太陽光パネルの割れ
- 光一 西島
- 8月31日
- 読了時間: 4分
2025年3月

とある太陽光パネル点検の現場で見つかった「パネルの割れ」写真です。
太陽電池(セル)を保護する目的でパネル表面にはガラスが張られているのですが、その表面に「割れ・ヒビ」が起きていました。
通常で考えられる原因は、「飛び石」による物理的な破損ですが、この太陽光発電所は工場の屋根の上(高さ約12m程)に設置されている為、飛び石の可能性は極めて低い。
では、他にどのような原因で割れたのでしょうか?
表面のガラスが割れる原因としては以下のようなことが考えられます。
①自然災害(台風・地震・大粒の雹(ヒョウ)など):中
・台風や竜巻に似た強風で巻き上げられた小石など物体の衝突によるケース
・地震による振動でパネル表面に負荷がかかり割れるケース
・大粒の雹(ヒョウ)が降り割れるケース
②気象条件(温度の変化による):低
理科の授業で習いましたよね。「暖められると膨張し、冷やされると収縮する」現象。
物体が温度の変化で膨張と収縮を繰り返すことで「劣化し破損」する可能性があります。
しかし、北海道などの雪国でも太陽光発電所が存在するように、この要因だけが原因とは考えにくいです。

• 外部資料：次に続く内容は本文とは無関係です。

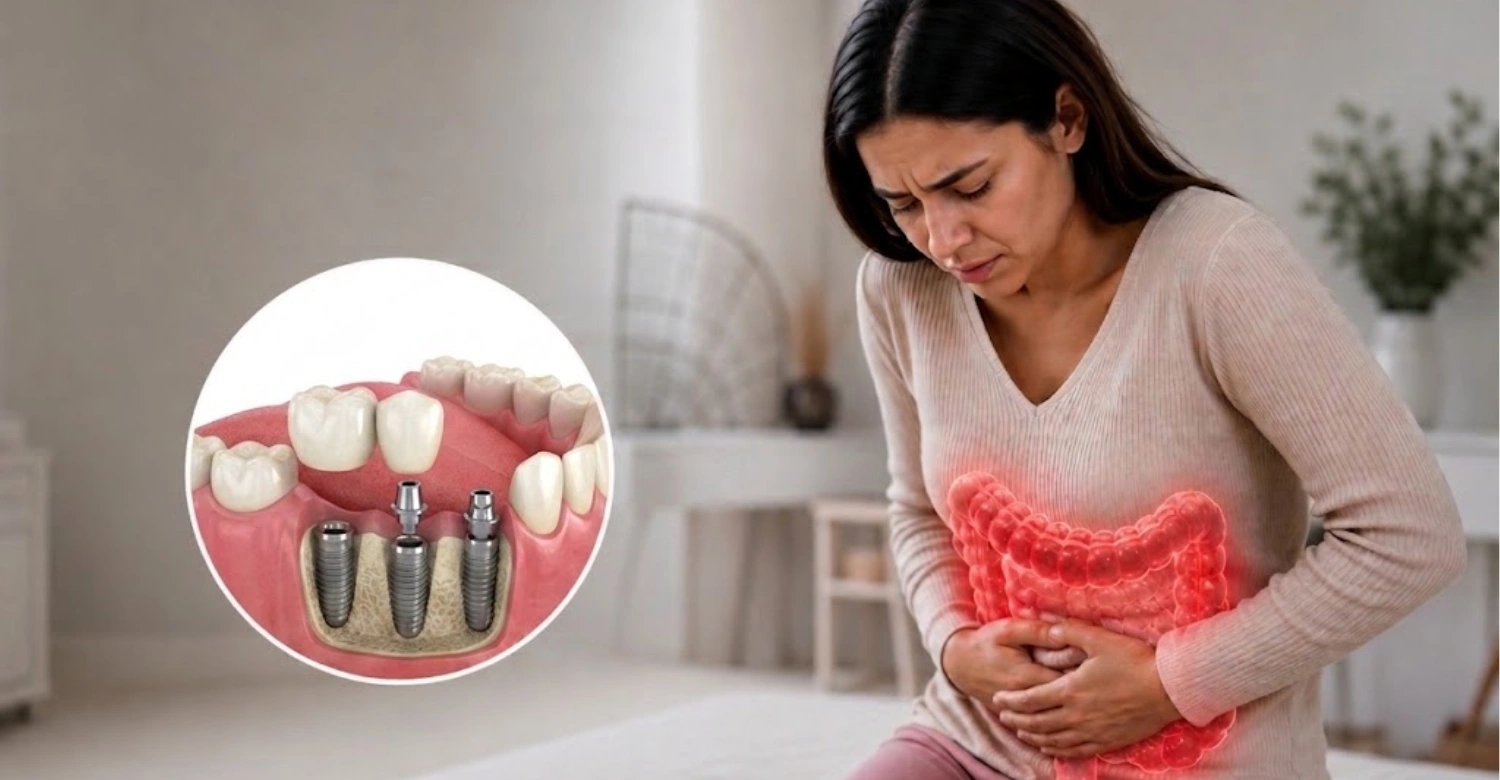 Ulcerative colitis and dental implants2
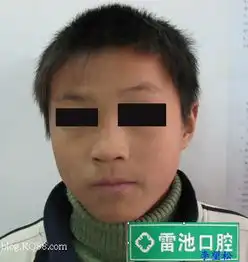 有些矫正病例拔牙要慎重后续u674e望松

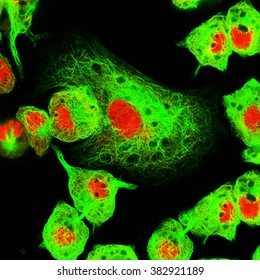 Real Fluorescence Microscopic View Of Human Neuroblastoma Cells 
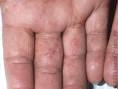 Picture of <b>Dyshidrotic Eczema</b>:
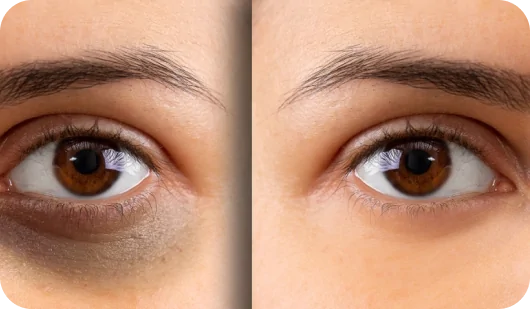 Dark Circles Treatment_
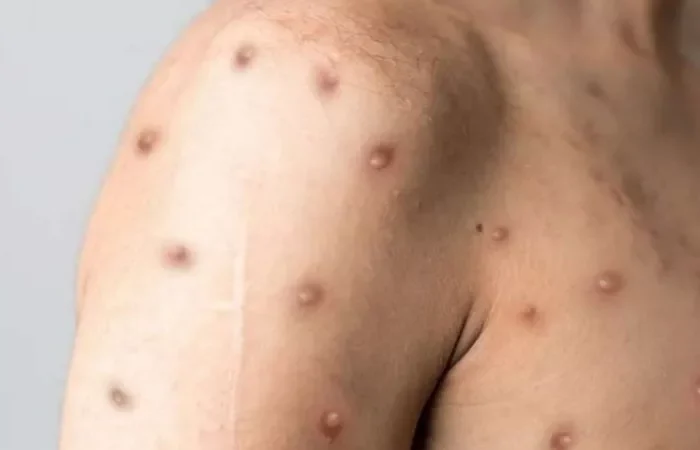 Viruela del mono: ¿Cuánto tiempo duran los síntomas y cómo cuidarse?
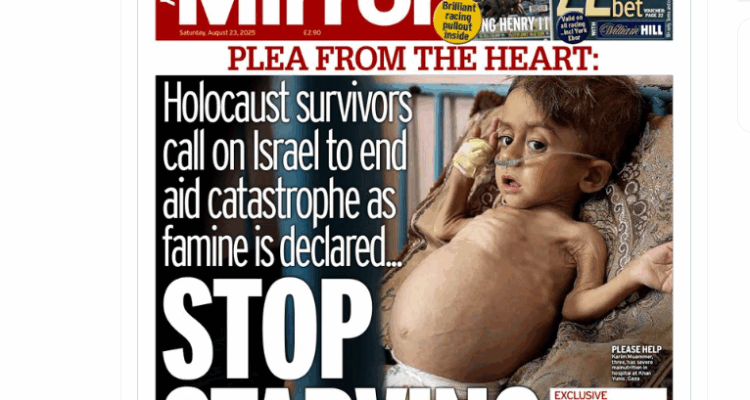 Israel proves ’emaciated’ Gazan child on front cover story has a genetic illness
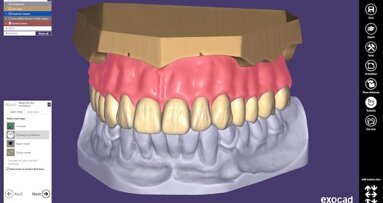 exocad DentalCAD 2.4 Plovdiv现已发布 数字化全口义齿从未如此简单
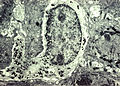 Melanocyte with melanin in dendrite to the left.jpg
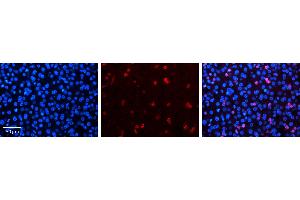 NR2F6 antibody - N-terminal region          Formalin Fixed Paraffin Embedded Tissue:  Human Liver Tissue    Observed Staining:  Nucleus in hepatocytes   Primary Antibody Concentration:  1:100    Secondary Antibody:  Donkey anti-Rabbit-Cy3    Secondary Antibody Concentration:  1:200    Magnification:  20X    Exposure Time:  0.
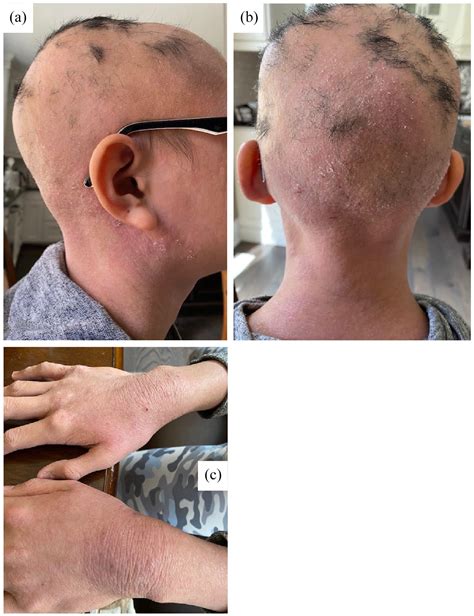 Upadacitinib For The Treatment Of Alopecia Areata And Severe Atopic Dermatitis In A Paediatric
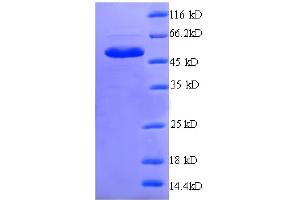 SDS-PAGE (SDS) image for Endoplasmic Reticulum Protein 29 (ERP29) (AA 40-251), (partial) protein (GST tag) (ABIN4976527) (ERP29 Protein (AA 40-251, partial) (GST tag))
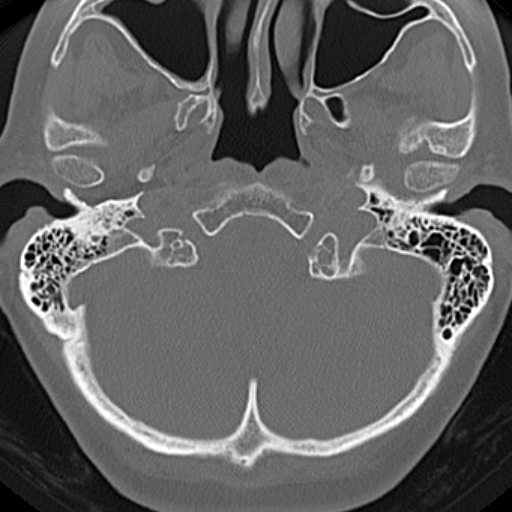 File:Bilateral tympanoplasty (Radiopaedia 16947-16664 Axial bone window 24).jpg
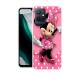 Draxon itel A70, A665L Mickey Mouse Printed Back Cover (10 x 3 x 20 cm)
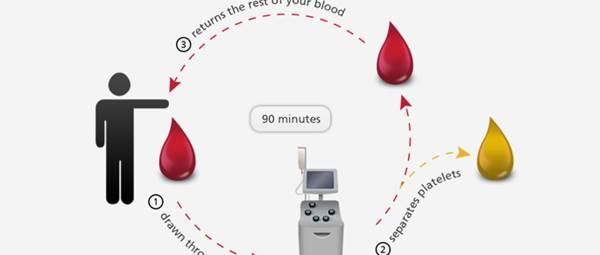 How Does Platelet Donation Work? A Must Read Guide
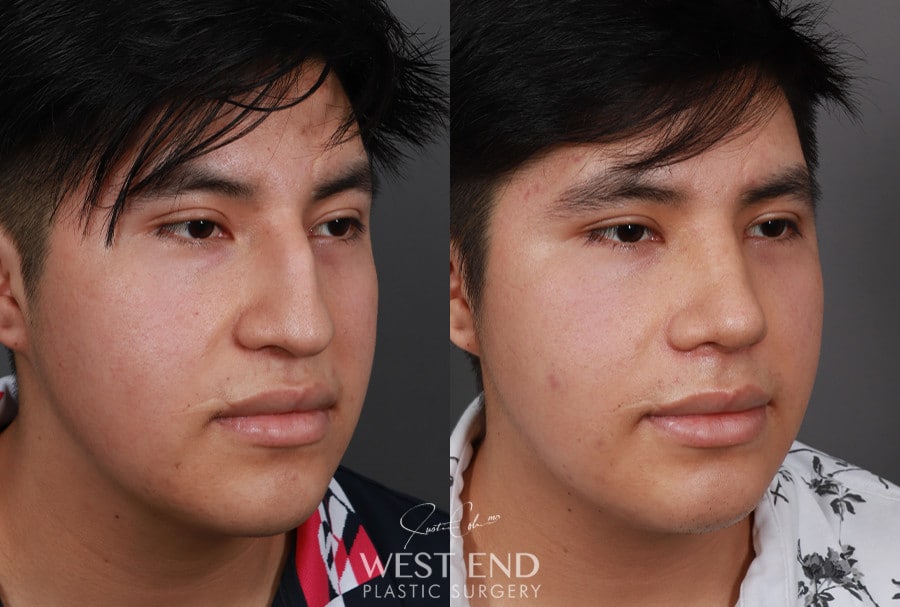 Rhinoplasty before photo. Individual results may vary.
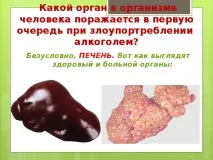 Інформаційно-пізнавальна вікторина з ЗОЖ та профілактики ВІЛ-інфекції - позаурочна робота, вікторина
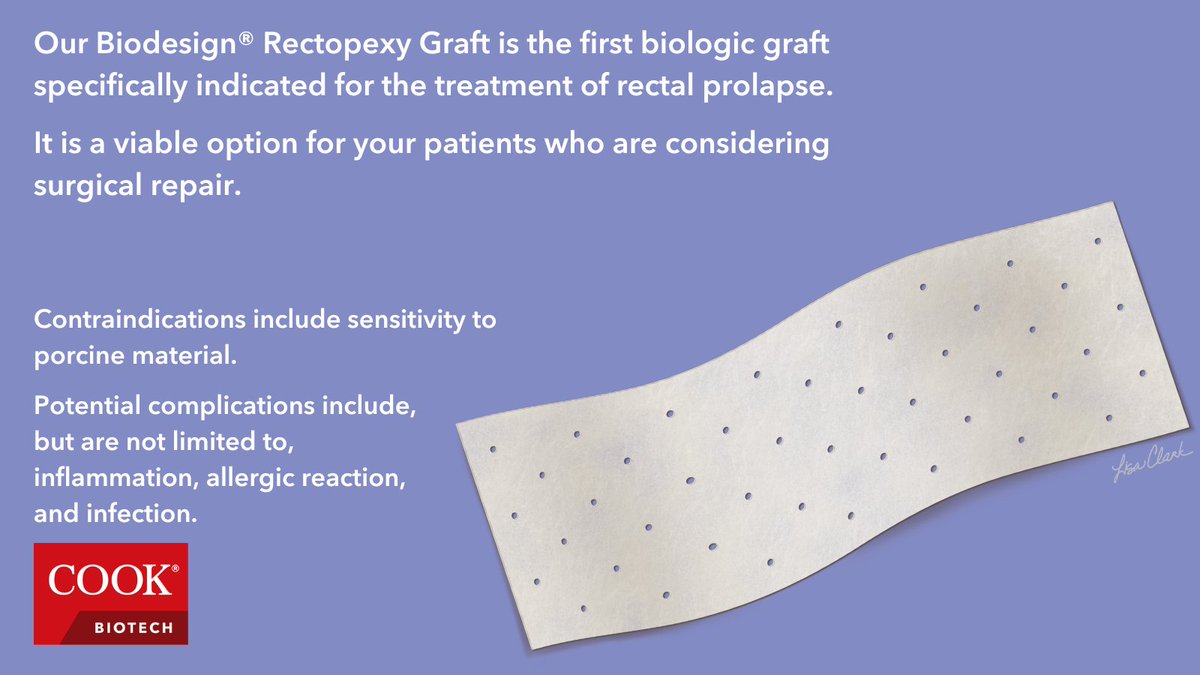 Cook_Biotech's tweet photo. This is the graft specifically indicated for the repair of rectal prolapse. For instructions for use, click here: https://t.co/hPNruKrWzM
#cookbiotech #rectopexy #rectalprolapse https://t.co/wDh3jmo0bD
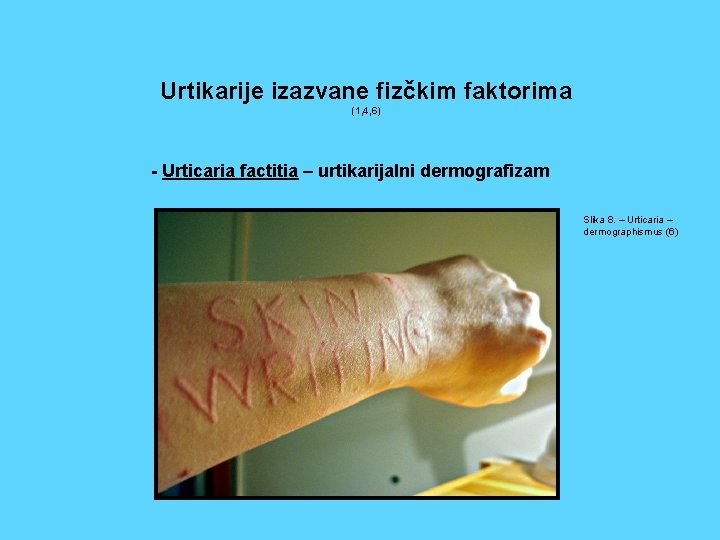 Urtikarije izazvane fizčkim faktorima (1, 4, 6) - Urticaria factitia – urtikarijalni dermografizam Slika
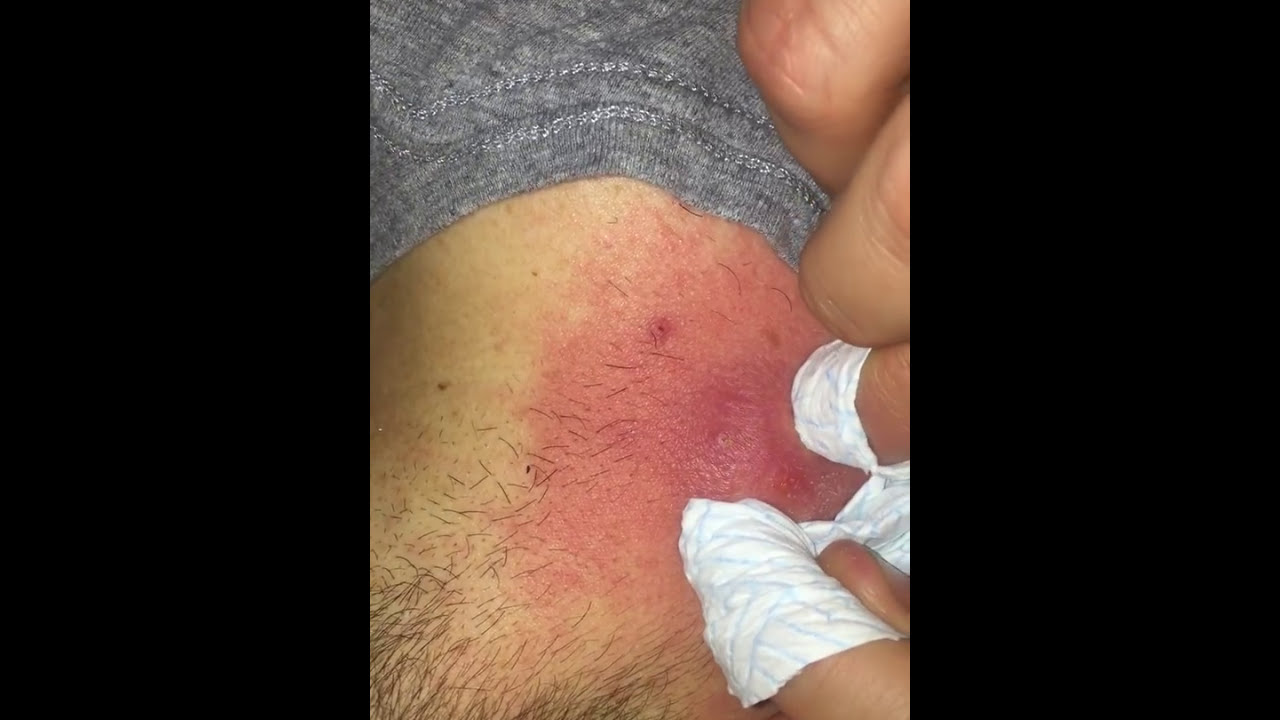 Popping neck cyst
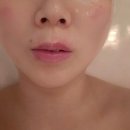 [파주 야당 에스테틱] 페이스 마그네틱괄사로 붓기 리프팅 관리 솔직후기 ~ <연에스테틱>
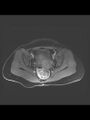 Cesarean section scar endometrioma (Radiopaedia 56569-63297 Axial T1 C+ fat sat 18).jpg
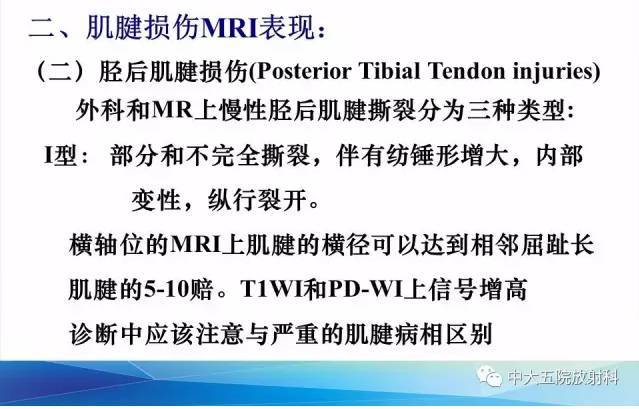 影像PPT - 【PPT】踝关节常见损伤的影像诊断-51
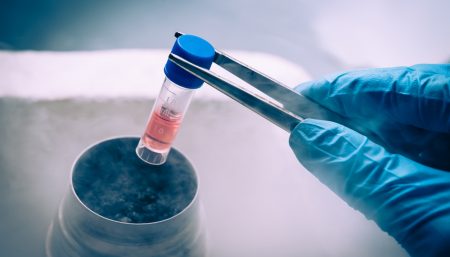 Stem Cell Treatments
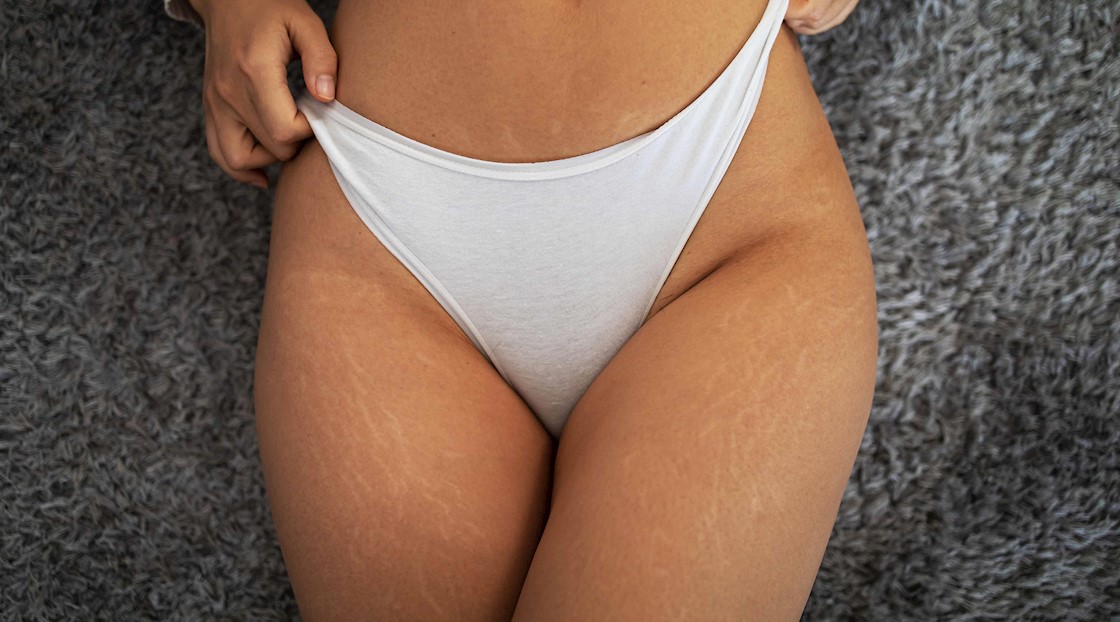 [Updated] Spray tanning clients with scars and stretch marks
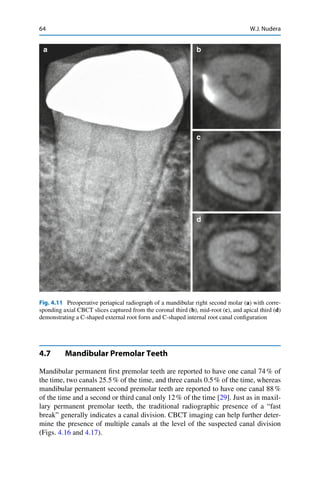 3 d imaging in endodontics a new era in diagnosis and treatment | PDF
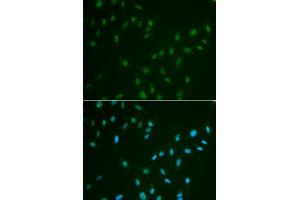 Immunofluorescence analysis of A549 cells using HSF2 antibody. (HSF2 抗体)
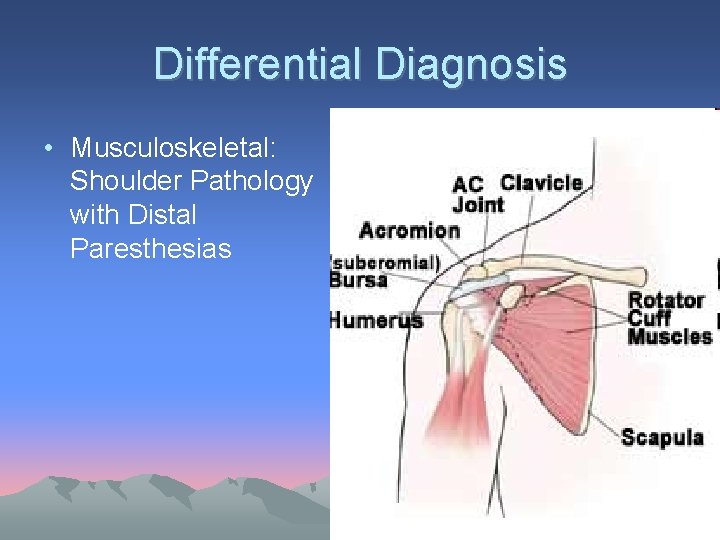 Differential Diagnosis • Musculoskeletal: Shoulder Pathology with Distal Paresthesias 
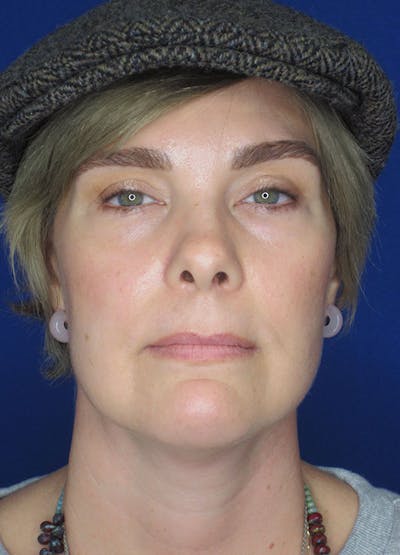 Facelift/Mini-Facelift Before & After Gallery - Patient 91755414 - Image 2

『太陽光パネルの一般的な耐温範囲』=「-40度~+85度」です。
とすると「複合要因の可能性」が原因と考えるのが妥当でしょう。
例えば、
・パネルの設置時に衝撃を与えた、屋根の上でヨロけてうっかりパネル表面に手を着いた。
・パネル表面の汚れ(こびりついた鳥の糞など)を硬いブラシでゴシゴシ擦った。
などにより、パネルのガラス表面にマイクロクラック(目に見えないヒビ)が入り、更に気温の寒暖の繰り返しによるパネルの伸縮が繰り返されることによる劣化が生じる可能性は十分にあると思われます。
③害鳥被害 「カラスの石落とし」:高
以前より、カラスが石を咥えて太陽光パネルの上空から落とす「石落とし遊び」があり、多くの被害が報告されている。パネル割れの多くは、これが原因の可能性が高いとされています。
対策として、パネル周辺にカカシを立てておく(のは冗談ですが、)光や音などの害鳥対策は有効かもしれませんね。
④ホットスポットによるガラスの劣化:高
ガラス表面のマイクロクラックや、太陽電池(セル)のマイクロクラックが原因でパネル表面の温度が異常に上昇する現象(=ホットスポット)があります。その温度は80度から100度以上にまで上昇するため、セルやガラス表面にも大きなダメージを与えます。
割れる前の初期段階はマイクロクラック(人間の眼では判別できない微細なヒビ)なので、目視点検での発見は不可能です。そこで有効な点検は、赤外線カメラによるホットスポット調査です。被害が大きくなる前に、定期的な赤外線点検をお薦めします。
以上、パネル表面のガラスが割れる主な原因を書きましたが、多くのオーナー様の反応は、あまり深刻に受け止めない方が多いように感じています。
出来るだけ「修繕費用をかけたくない」気持ちは分かりますが、故障が見つかれば早期修繕をして頂きたいと願います。何故なら・・・、
①太陽光発電システムの配線は、「直列接続」になっている
理科の授業で習いましたよね?乾電池を直列に繋いで豆電球を点灯させる実験です。
乾電池の1つが切れたら豆電球は点灯しなくなります。
太陽光発電システムにおいても、1枚のパネルに異常が出ると他のパネルにも影響を与えて被害が拡大し、やがてシステム全体にダメージを与えます。
②漏電による感電の恐れ
産業用の太陽光発電システムになると「高電圧」の電気を取り扱っています。
パネル表面のガラスが割れると、そこから雨水が入りショートを起こし、漏電の危険性が高まります。メンテナンス作業員の感電事故に繋がる可能性が出てきます。
③パワコン強制停止・パワコン故障のトリガーになる
「直列接続」のため、1枚のパネル故障でも他のパネルや接続箱などに連鎖して劣化が拡大し、やがてシステム全体の電圧不良が発生します。結果、電圧不安定となりそれを検知したパワコンが(システムを守るために)自動強制停止をするのです。
どのような装置も「強制的に電源のオン・オフを繰り返すと」やがて故障します。
つまり、パネル1枚の故障がトリガー(引き金)となり、システム全体を停止に追い込むことになります。パネル1枚おおよそ1万円前後ですが、その修繕を後回しにすることで数十万円の被害に拡大させてしまう恐れがあります。
被害損失や発電ロス損失を最小限にする為の「定期点検」です。
「早期発見・早期修繕」が適正運用の基本です。